Problem description:
Repeat the listing that follows exactly. Pictures are not part of the copy.

Material provided:
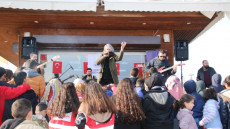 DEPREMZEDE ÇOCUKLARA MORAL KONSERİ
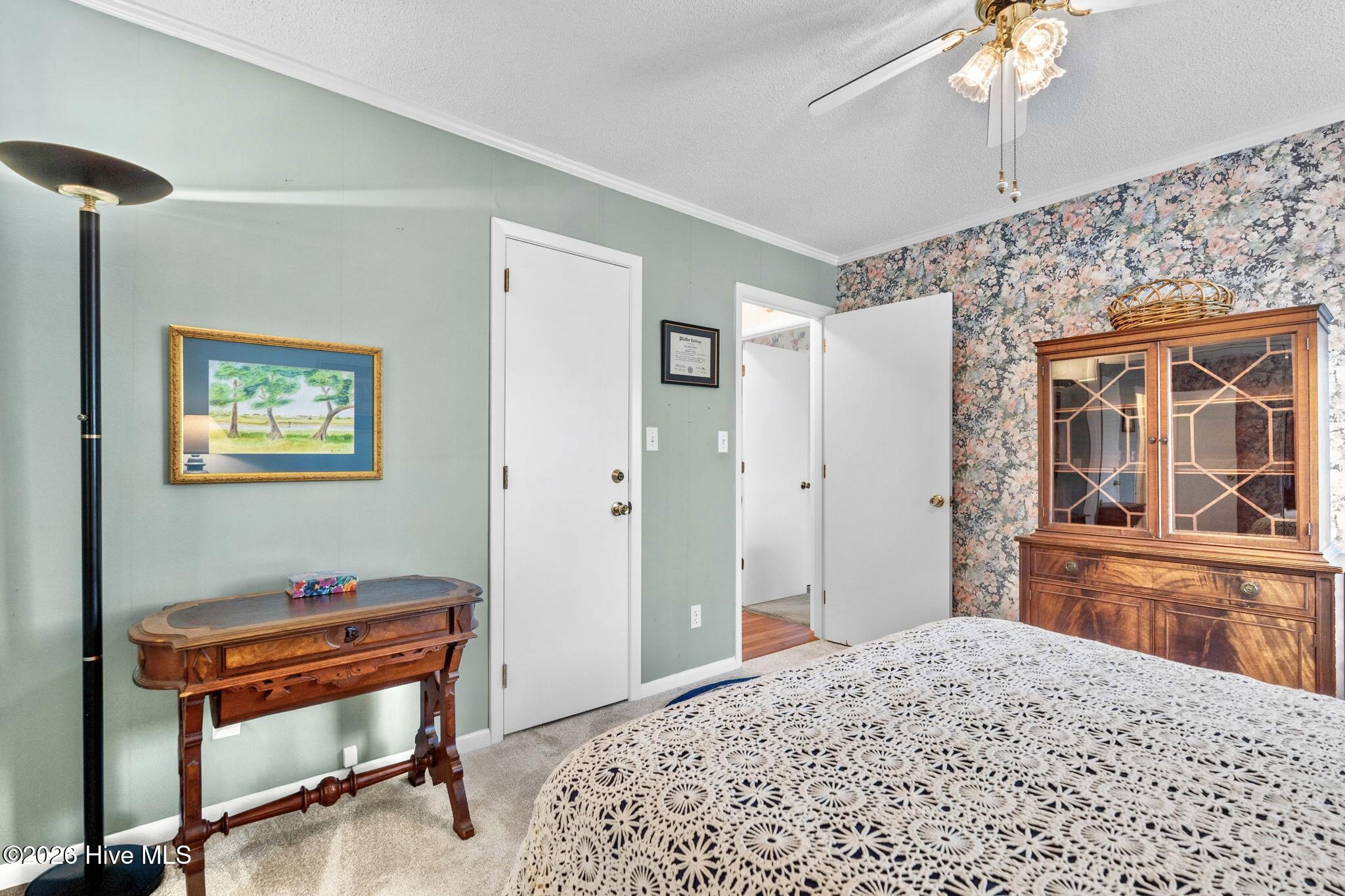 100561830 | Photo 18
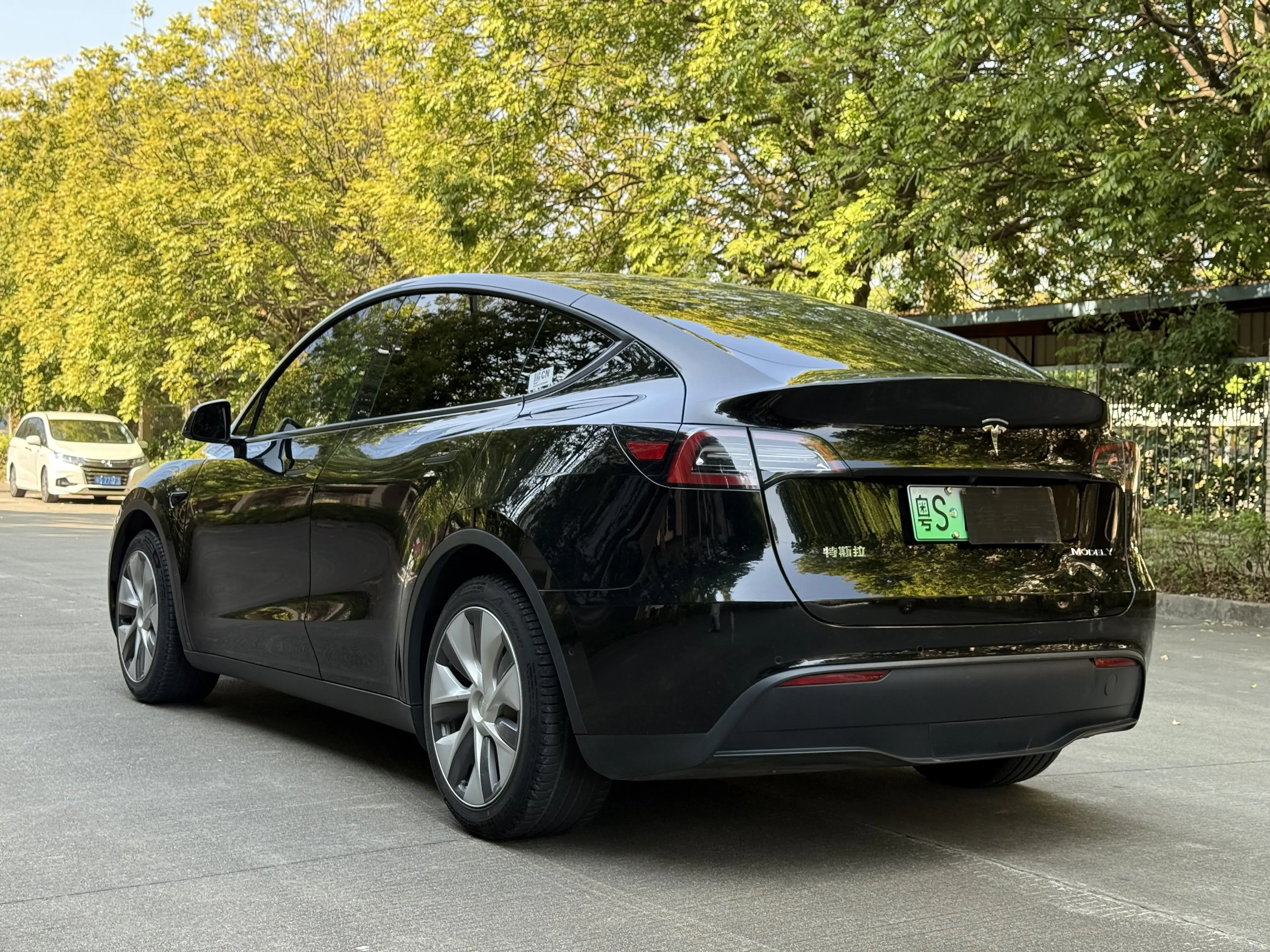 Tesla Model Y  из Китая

Response to this exercise:
 DEPREMZEDE ÇOCUKLARA MORAL KONSERİ
 100561830 | Photo 18
 Tesla Model Y  из Китая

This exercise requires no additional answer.